Luigi "bloody foam all the way to Rome" Cadorna?
Luigi "flee and I'll take your life for free" Cadorna?
Luigi "Eleven times more into the breach, lads" Cadorna?
Luigi "Artillery Shmartillery" Cadorna?
Luigi "Supply my troops and I'll court martial your group" Cadorna?
Luigi "You call this dull? Look at all those Italian skulls!" Cadorna?
Luigi "More bodies for the Isonzo, Bonzo" Cadorna?

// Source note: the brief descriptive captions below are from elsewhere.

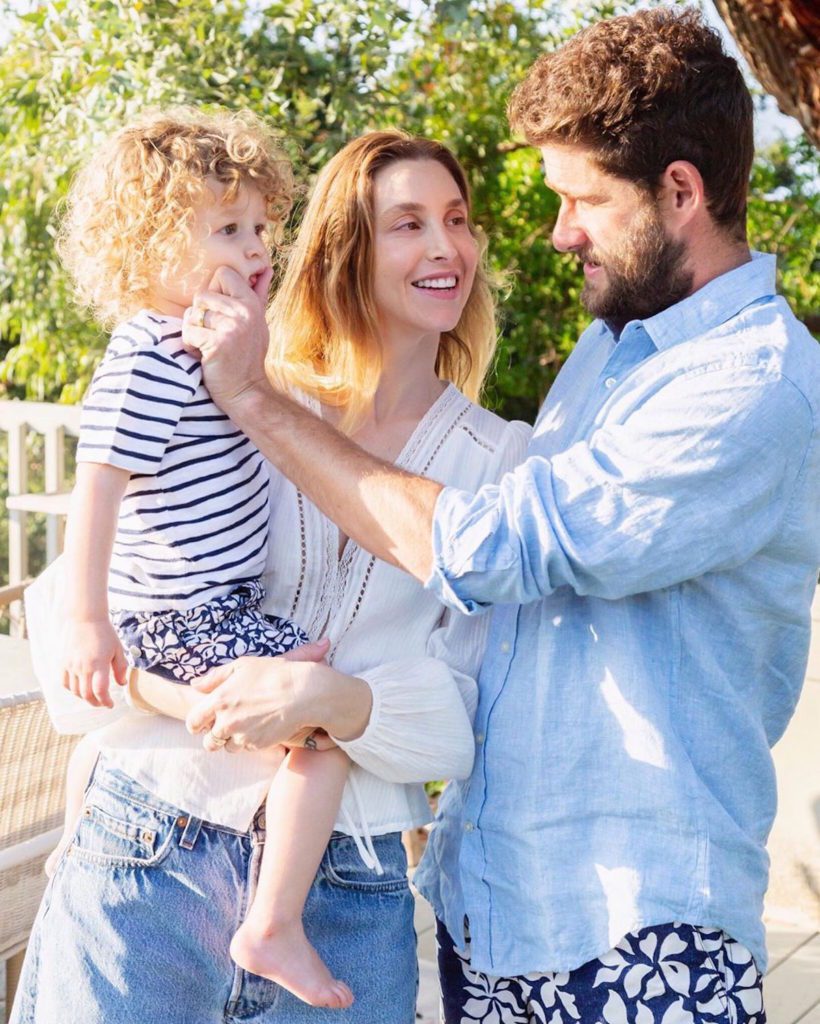 Whitney Port, Tim Rosenman, and their son, Sonny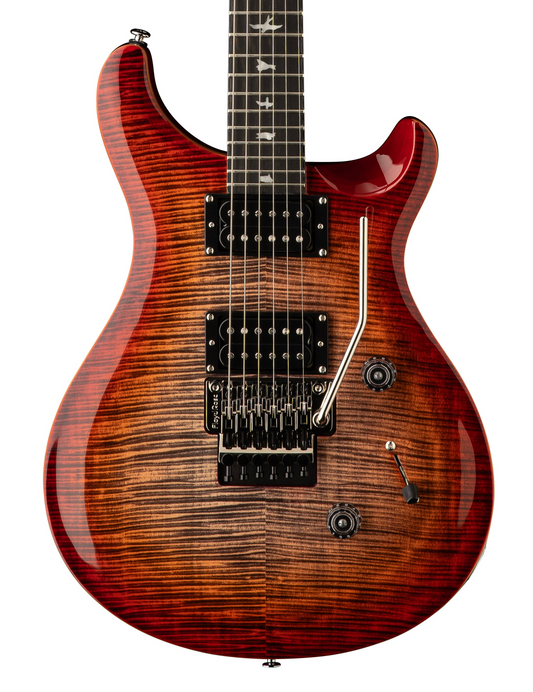 PRS SE Custom 24 "Floyd" - Charcoal Cherry Burst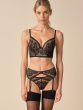 Encore Suspender - Black/Nude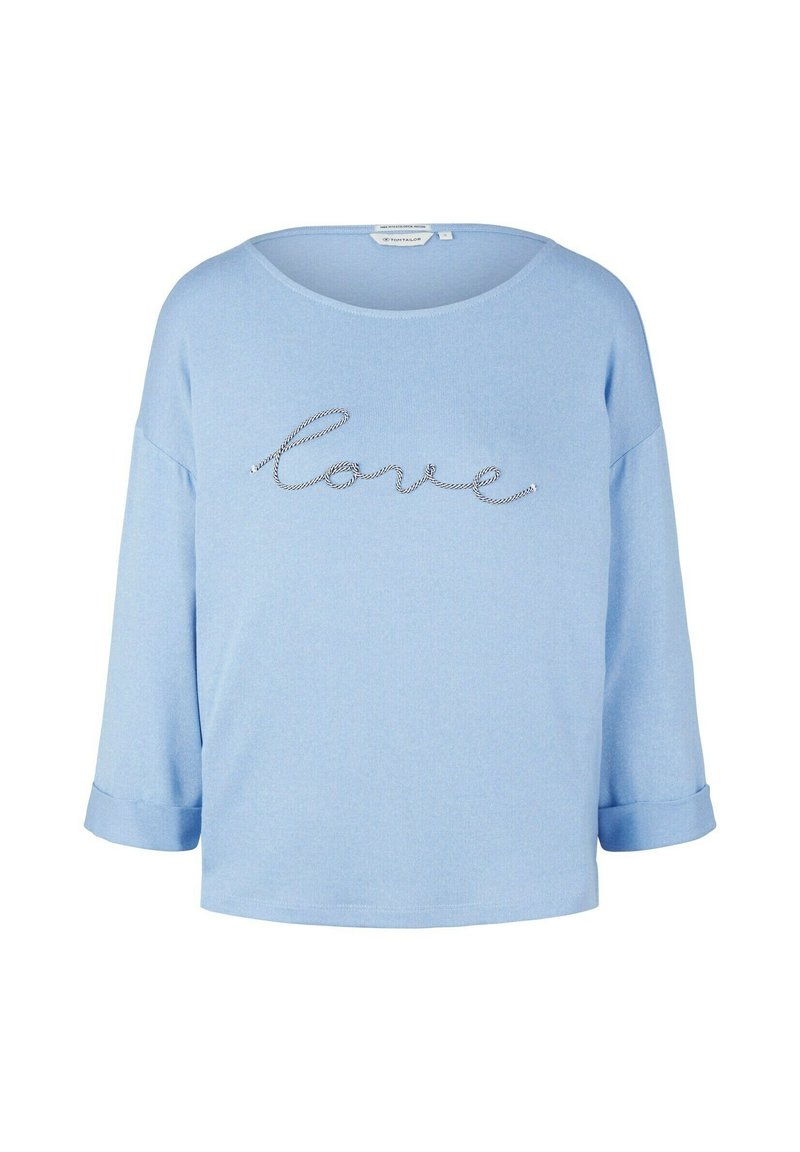 Tom Tailor Longsleeve blauw gemêleerd Tom Tailor Longsleeve blauw gemêleerd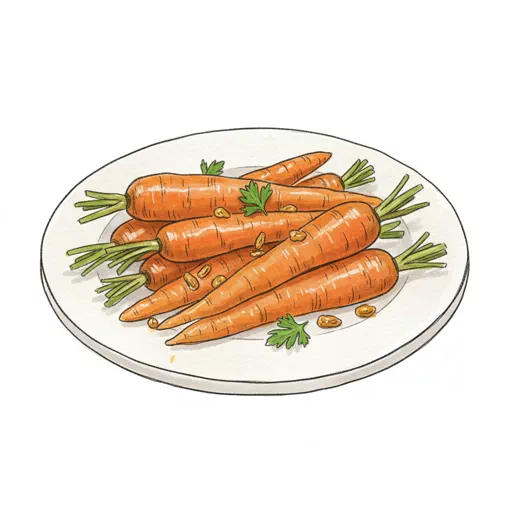 cooked carrots
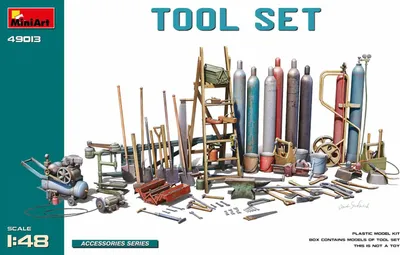 Produktbild von MiniArt 1:48 Werkzeugsatz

Luigi "Viscera? Que sera, sera" Cadorna?
Luigi "Spaghetti butcher" Cadorna
Luigi "Biggest employer at Steyr" Cadorna
Luigi "Casket connoisseur" Cadorna
Luigi "They'll never suspect a frontal attack 11 more times" Cadorna
Luigi "Meat grinder expert" Cadorna
Luigi "Generalissimo Genocide" Cadorna
Luigi "Wait, I'm not Austrian?" Cadorna
>>2858027
t. Mussolini
>>2858027
>Did he actually do anything wrong?
Yes, plenty. Tactically speaking he was barely mediocre apparently, and certainly I don't know enough to criticizre that, but the real problem he had was personnel management: he was convinced that most of the officer corps was made of inexperienced and incompetent fools, which he fired for no reason whatsoever. While for the most part he was kinda right in his assessment of the officers (the replacements were usually more qualified), this destroyed both morale and initiative in the officer corps, who never knew whether doing or not doing something would get them fired, so they were tentative or downright inactive as a result. Paradoxically he was also extremely lax in controlling the officers he actually liked, who consequently basically did whatever the fuck they wanted with no coordination between them (which was basically the reason Caporetto happened).
>>2857813
Luigi "wait, I'm the guy on the left?" Cadorna
>Its over Luigi, I have the high ground!